What the exercise asks
The lines from the top of the material through the line with "Some of you" are to be set down exactly. Leave the pictures out.

Raw data
══════

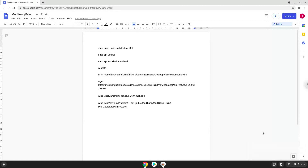Hello. Today we are looking at how to install Medibong Paint on a Chromebook. Please take note that you need a Chromebook with an Intel or AMD processor.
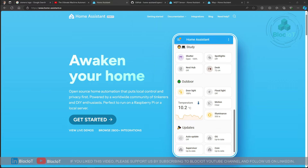Hello and welcome back to another video from the Block IoT. In today's video we are going to talk about smart homes and smart buildings, more particularly we are going to talk about Home Assistant, one of the most popular open source platforms for smart home and smart building projects. Since most Block IoT followers are industrial automation and industrial IoT professionals, let's quickly have a look at Home Assistant and what you can do with it.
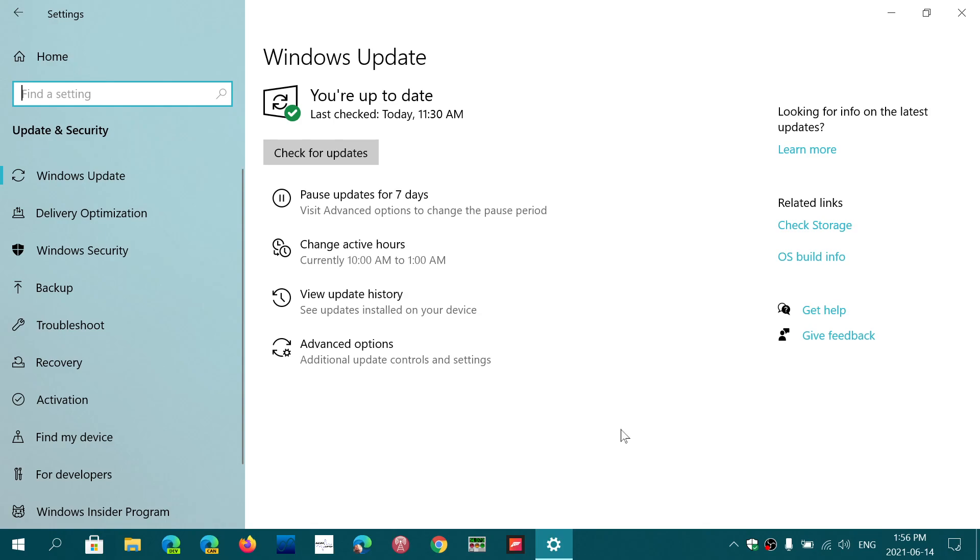Some of you might see it as 20H2, 21H1 and it's going to say that a feature update is available. It's an optional update and it also will give you the download and install button. Those only show one at a time.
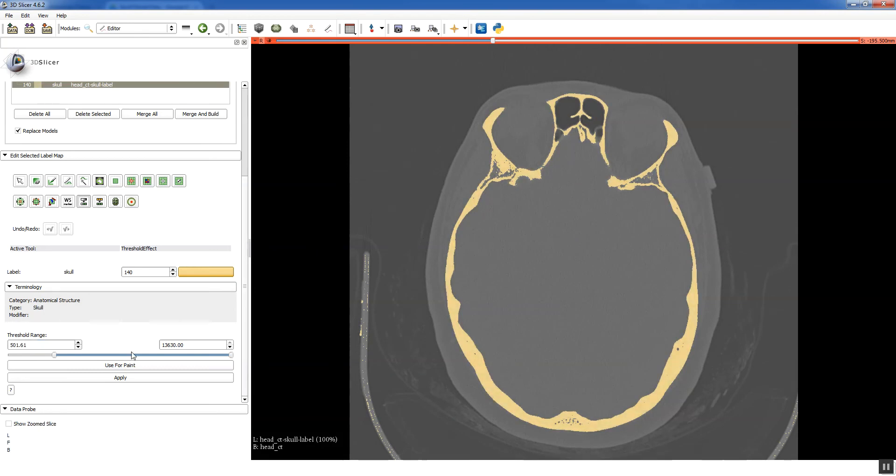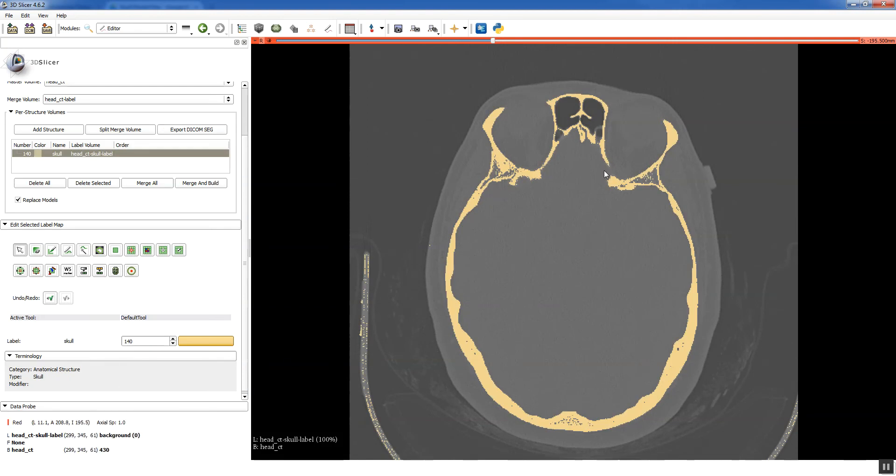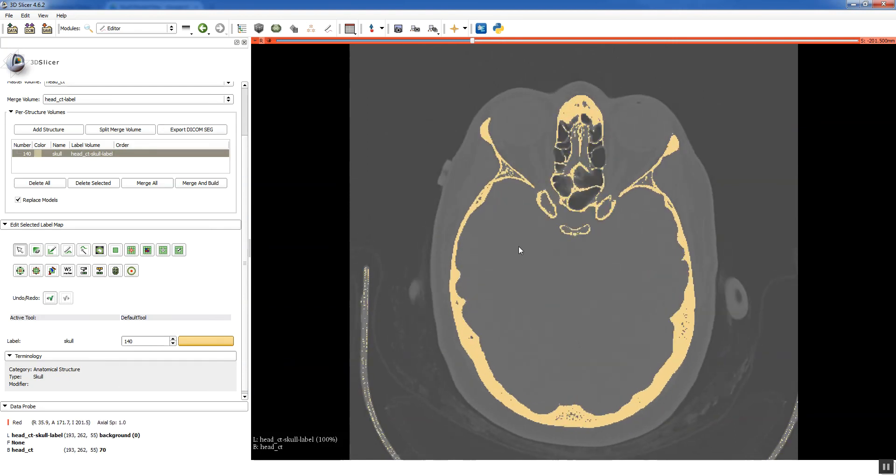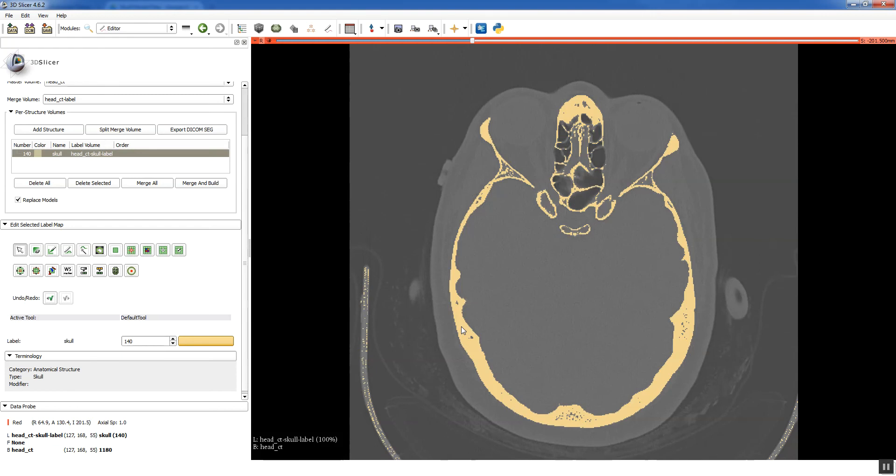Now the last thing is you have to actually apply this threshold. So you click the Apply button, and now that label sticks around. So I talked about the data probe earlier. If you hover over your segmentation here, look at the data probe, and you'll see it says Skull with 140. And basically that means that the value of your label is 140. And that's important to pay attention to when it comes time to segment multiple structures and try to save different files. So it's good to be aware of that from the beginning.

══════

Answer to this task
Hello. Today we are looking at how to install Medibong Paint on a Chromebook. Please take note that you need a Chromebook with an Intel or AMD processor.
Hello and welcome back to another video from the Block IoT. In today's video we are going to talk about smart homes and smart buildings, more particularly we are going to talk about Home Assistant, one of the most popular open source platforms for smart home and smart building projects. Since most Block IoT followers are industrial automation and industrial IoT professionals, let's quickly have a look at Home Assistant and what you can do with it.
Some of you might see it as 20H2, 21H1 and it's going to say that a feature update is available. It's an optional update and it also will give you the download and install button. Those only show one at a time.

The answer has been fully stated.